# ZP Out of stock on Amazon



## Pumpernickel (Apr 5, 2012)

I went to order more ZP yesterday from Amazon.co.uk and found they were out of stock. There is another seller on there with it available but it's much more expensive so I looked to see if anywhere new was selling it and I came across a site calle viovet.co.uk who were actually cheaper than amazon. I bought 2 bags to qualify for their free delivery. 

Just wanted to mention this in case anyone else in the uk is running low


----------



## Buildthemskywards (Jun 16, 2012)

How much was it on there? I did the same thing but on petplanet.


----------



## Pumpernickel (Apr 5, 2012)

Buildthemskywards said:


> How much was it on there? I did the same thing but on petplanet.
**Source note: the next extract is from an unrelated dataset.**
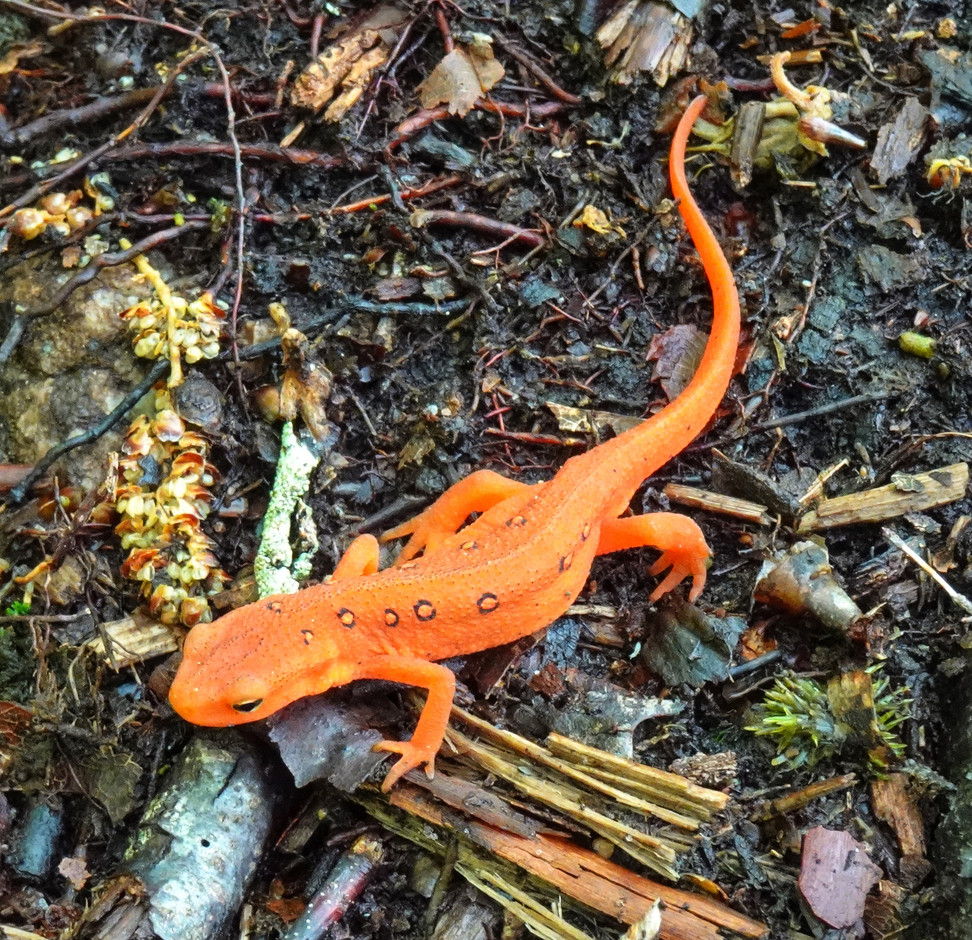 Some wildlife on the Appalachian Trail. Photo: Guy Christen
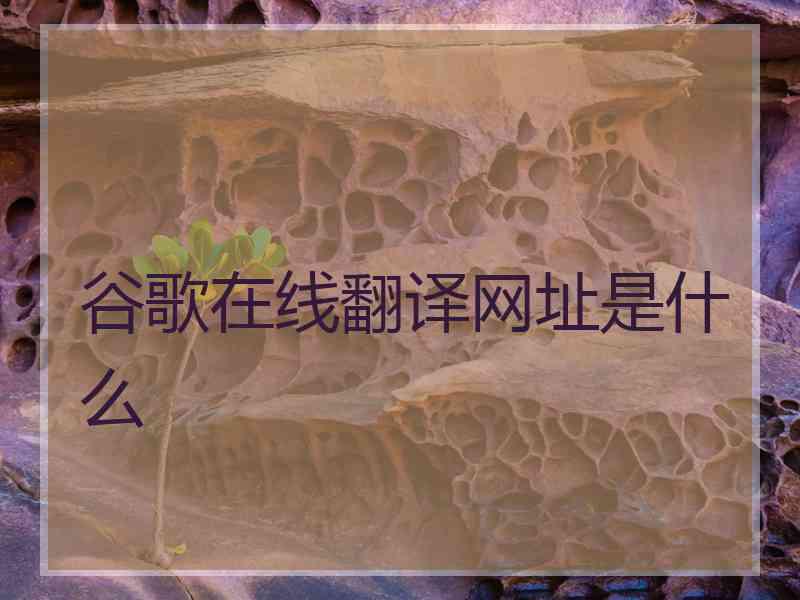 谷歌在线翻译网址是什么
The 1kg bag of Lamb was £15.49 - I think it was £16.49 last time I got from amazon. The venison ones are a bit more at £17.99.


----------



## michele (Jan 12, 2009)

Oh thanks for that I ordered from pet planet and had to pay p&p think it. was £4 .Ziwi has been out of stock on amazon for months


----------



## Buildthemskywards (Jun 16, 2012)

I got the venison one from pet planet and I think it was 17.49 so I bought two and some treats for the free shipping.


----------



## hmingtea (Nov 6, 2012)

i cant afford it... too costly out here in India Lamb 1kg from KP will cost me no less than 35 GBP which is around 1/4 of my monthly income... xD


----------